Ayisha Siddiqa wrote, “What if the future is soft and revolution is so kind that there is no end to us in sight.” So begins a poem called On Another Panel about Climate, They Ask Me to Sell the Future and All I’ve Got is a Love Poem. In the end, that’s all we’ve got: a love poem. But it’s enough—not enough for success as we define it, but enough to fuel the struggle. And that, in the end, gives us a story worth giving our lives to.
Your Turn
What books, songs, movies, TV–or maybe characters within those stories–come to mind when you think about this idea of hopepunk?
What are you finding worth giving your life to these days? And what’s saving your life these days?
With gratitude to Miguel de la Torre and his book Embracing Hopelessness.
Thanks to my friend Larissa Kwong Abazia for this thought.
Wow, this is so powerful, MaryAnne!
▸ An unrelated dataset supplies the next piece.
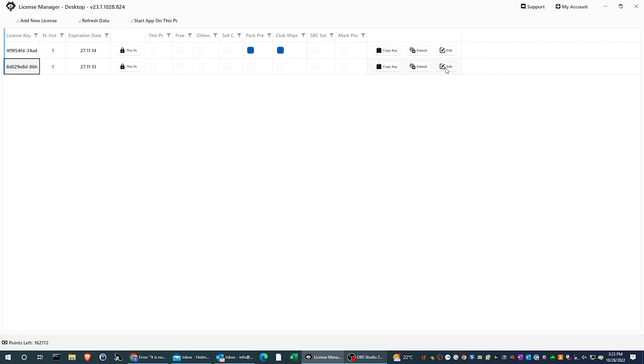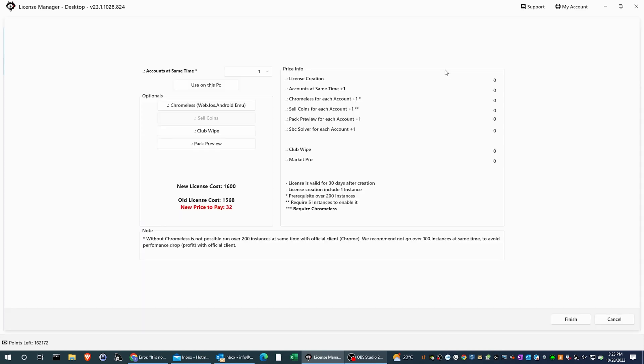First, run the license tool and select the edit item next to the license you want to modify. The license tool will allow you to add or remove functionality to your license.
Thank you for taking me back to a favorite, Lord of the Rings. I haven’t read it in a long time and haven’t the movies recently. Tolkien’s writing is so powerful… it was fun to sit in the, sadly now closed, pub (The Eagle and Child or Bird and Baby as the locals called it) in Oxford where the Inklings met to discuss their work. Thank you!
Thank you so much for this MaryAnn. Hopepunk is going to be my word for 2024 :). The entire LOTR series is something I can read and watch forever. Honestly, I can watch those movies endlessly. Thank you so much for shining a light on John Lewis. If anyone embodied what it meant to be a true follower of Jesus, it was John Lewis. I watched interviews with him before he died and cried just listening to his sincere love. Thank you again, MaryAnn.